HISTORY

The origins of NORRAG

More than forty years ago, in 1976, the International Development Research Centre (IDRC) of Canada supported the formation of a Research, Review and Advisory Group (RRAG) which was charged with critically reviewing and disseminating education research related to the developing world. In time this initiative led to Regional RRAGs, and in due course, in 1986, to what at that time was called the Northern Research Review and Advisory Group (NORRAG). This birth was made possible by support from the Swedish International Development Authority (Sida) and in particular by its Education Division.

Although it was a few years before ‘Northern’ was changed to ‘Network’, NORRAG already had a global reach, with subscribers in Latin America, Sub-Saharan Africa, South East Asia and the Caribbean.

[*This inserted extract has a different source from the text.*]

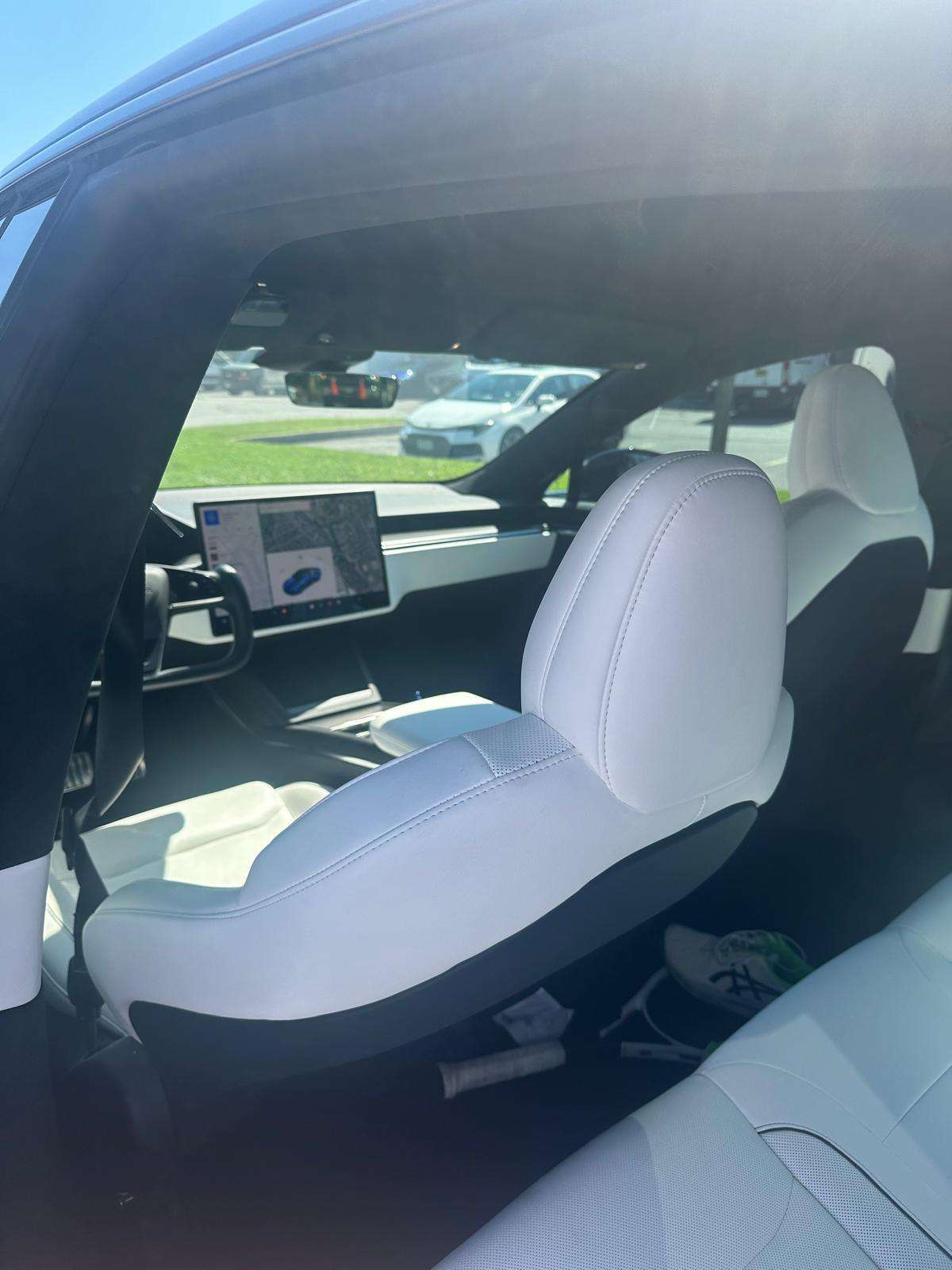 2022 Tesla Model S thumb 13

Also from the very beginning, its members and contributors were drawn from academia, from development agencies, and from civil society. This was evident in the three presidents which it had in its early years: Noel McGinn (Harvard), Aklilu Habte (World Bank) and Ingemar Gustafsson (Sida).

The institutional management of NORRAG has moved across Europe from Stockholm to the Centre for the Study of Education in Developing Countries (CESO) in The Hague, to the Graduate Institute of Development Studies (IUED) then to the Graduate Institute for International Relations and Development Studies (IHEID) in Geneva. Since the move to Switzerland in 1992, the management of all NORRAG activities has been supported by the Swiss Agency for Development and Cooperation (SDC).

NORRAG has developed several key knowledge products (from NORRAG News in 1986 and then Working Papers, the NORRAG Bulletin, the NORRAG Blog, and from 2018 NORRAG Special Issues). In addition, NORRAG has considerably expanded its service offerings over the last few years, including a wide range of policy dialogue events, capacity building and the development of institutional partnerships in the global South and North. Over the years, NORRAG has enjoyed support from Sida (Sweden), then DFID (UK), and Open Society Foundations (OSF), and is now supported mainly by SDC (Switzerland), OSF and the Graduate Institute, Geneva.